The union pointed to the failed Phoenix pay system as a stark example of how costs can spiral out of control when an outsourced project goes wrong.
That system, which has directly impacted tens of thousands of federal employees by under-paying, over-paying or not paying them at all, was supposed to save taxpayers money after an initial budget of $309 million.
Instead, it is forecast to cost Canadians $2.2 billion by 2023 as the government works to fix the problems it created and build its replacement.
"Canadians cannot afford one more failed outsourced IT project like Phoenix," Daviau said.
Annual spending on information technology consultants alone more than doubled from $605 million in 2011 to $1.3 billion in 2018, totalling $8.5 billion over the seven-year timeframe, according to the report.
While it did not dispute the figures, the Treasury Board Secretariat said outside work resources are often necessary to ensure the delivery of government services.
"Though Canadians can indeed rely on a world-class public service, professional services are sometimes needed to acquire special expertise, and to meet unexpected fluctuations in workload," Treasury Board spokesman Martin Potvin said in an email.

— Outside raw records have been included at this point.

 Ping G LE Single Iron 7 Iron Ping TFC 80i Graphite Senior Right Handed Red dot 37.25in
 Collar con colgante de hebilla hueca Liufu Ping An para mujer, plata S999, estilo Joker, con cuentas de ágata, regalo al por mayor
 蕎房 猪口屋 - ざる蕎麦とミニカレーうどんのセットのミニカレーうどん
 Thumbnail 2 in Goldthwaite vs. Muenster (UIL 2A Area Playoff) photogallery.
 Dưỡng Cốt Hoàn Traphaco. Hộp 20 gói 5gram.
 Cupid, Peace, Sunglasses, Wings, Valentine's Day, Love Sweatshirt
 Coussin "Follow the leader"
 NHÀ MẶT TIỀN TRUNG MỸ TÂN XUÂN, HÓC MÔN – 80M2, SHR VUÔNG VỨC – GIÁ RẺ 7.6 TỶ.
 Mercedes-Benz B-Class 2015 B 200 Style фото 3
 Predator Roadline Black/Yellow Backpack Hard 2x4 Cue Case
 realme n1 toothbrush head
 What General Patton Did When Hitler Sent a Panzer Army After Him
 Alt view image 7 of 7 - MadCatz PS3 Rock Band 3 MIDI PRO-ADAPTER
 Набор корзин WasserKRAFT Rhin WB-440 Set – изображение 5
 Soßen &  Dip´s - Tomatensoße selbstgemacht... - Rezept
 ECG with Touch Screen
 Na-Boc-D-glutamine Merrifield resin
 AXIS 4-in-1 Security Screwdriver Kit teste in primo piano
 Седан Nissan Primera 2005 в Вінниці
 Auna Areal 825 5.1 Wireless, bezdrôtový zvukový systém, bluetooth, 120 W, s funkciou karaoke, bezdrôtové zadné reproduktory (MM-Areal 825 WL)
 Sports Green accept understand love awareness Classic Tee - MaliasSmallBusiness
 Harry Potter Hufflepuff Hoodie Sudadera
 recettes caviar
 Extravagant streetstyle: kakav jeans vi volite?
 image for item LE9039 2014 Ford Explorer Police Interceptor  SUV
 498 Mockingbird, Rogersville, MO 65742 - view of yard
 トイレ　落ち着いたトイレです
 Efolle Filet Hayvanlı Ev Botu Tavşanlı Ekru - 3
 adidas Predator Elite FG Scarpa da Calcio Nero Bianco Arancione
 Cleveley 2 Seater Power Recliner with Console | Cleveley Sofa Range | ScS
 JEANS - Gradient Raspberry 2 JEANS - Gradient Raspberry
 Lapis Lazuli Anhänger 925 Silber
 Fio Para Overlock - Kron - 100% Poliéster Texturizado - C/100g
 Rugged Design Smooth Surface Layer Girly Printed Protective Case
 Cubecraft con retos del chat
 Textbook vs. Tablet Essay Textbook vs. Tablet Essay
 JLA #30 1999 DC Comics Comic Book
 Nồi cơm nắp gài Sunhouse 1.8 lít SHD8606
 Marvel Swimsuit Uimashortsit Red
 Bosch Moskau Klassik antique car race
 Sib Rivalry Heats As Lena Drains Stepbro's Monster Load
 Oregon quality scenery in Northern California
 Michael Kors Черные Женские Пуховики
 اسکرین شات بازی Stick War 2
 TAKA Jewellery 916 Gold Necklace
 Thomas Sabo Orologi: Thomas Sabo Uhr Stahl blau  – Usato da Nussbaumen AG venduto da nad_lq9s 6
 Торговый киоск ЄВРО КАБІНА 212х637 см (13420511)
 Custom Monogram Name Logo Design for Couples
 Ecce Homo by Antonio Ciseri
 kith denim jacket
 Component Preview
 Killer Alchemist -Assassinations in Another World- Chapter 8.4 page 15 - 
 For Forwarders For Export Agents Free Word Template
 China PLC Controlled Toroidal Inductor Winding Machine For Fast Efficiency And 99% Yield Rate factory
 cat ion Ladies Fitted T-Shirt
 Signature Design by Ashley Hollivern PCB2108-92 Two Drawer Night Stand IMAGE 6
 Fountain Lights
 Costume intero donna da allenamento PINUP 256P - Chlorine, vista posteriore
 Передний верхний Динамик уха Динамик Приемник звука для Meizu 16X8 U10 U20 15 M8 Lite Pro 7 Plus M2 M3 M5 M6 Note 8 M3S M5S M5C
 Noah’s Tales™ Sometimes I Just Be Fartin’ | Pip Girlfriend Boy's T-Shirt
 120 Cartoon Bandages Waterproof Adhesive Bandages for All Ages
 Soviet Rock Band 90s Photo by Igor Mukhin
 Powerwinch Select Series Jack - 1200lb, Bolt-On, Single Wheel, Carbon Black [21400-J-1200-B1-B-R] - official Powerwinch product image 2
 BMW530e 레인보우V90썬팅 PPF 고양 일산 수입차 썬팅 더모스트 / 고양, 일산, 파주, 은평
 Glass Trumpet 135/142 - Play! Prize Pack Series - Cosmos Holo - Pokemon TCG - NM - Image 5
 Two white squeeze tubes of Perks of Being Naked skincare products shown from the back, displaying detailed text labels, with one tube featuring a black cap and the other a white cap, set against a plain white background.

"Shortages in certain employment groups and specific geographic locations also make the use of professional services necessary to maintain operations."
The union said private corporations tend to win government contracts by bidding down prices. But those corporations have, over the years, found loopholes in their contracts to charge much more for the work that's done, PIPSC said in the first of what it expects to be a series of reports on outsourcing this year.
Information technology consultants are often needed to provide specific skill sets that government employees may not have.
But PIPSC, which represents about 60,000 workers, mainly scientists and professional employees at the federal, provincial and territorial level, said a two-fold increase in information technology outsourcing in just seven years indicates suggests managers are "inappropriately using consultants" to deliver a greater share of those functions needed to deliver critical government services.
Treasury Board disputed that, saying all contracts for outside work are issued in a fair way in accordance with government policies, guidelines and procedures.
By outsourcing the work, rather than training in-house employees, though, the union argued the government is creating an even greater reliance on private contractors because a transfer of knowledge within departments is lacking.
"Government outsourcing costs Canadian taxpayers billions of dollars each year and is leading to a de-skilling of the federal public service workforce," said the report.
"Staff report that they do not get enough training to do their job and the knowledge needed to maintain projects often follows contractors out the door when a contract ends."
The government acknowledged as much last year as it struggled to deal with the Phoenix pay system problems when it awarded a $137-million contract to IBM to handle day-to-day operations of the system.
The multinational company was initially responsible for the disastrous payroll system's implementation.
Under the new extension to the contract initially awarded in 2011, IBM was to integrate 170 of its employees into the federal public service for up to three years to stabilize the pay system.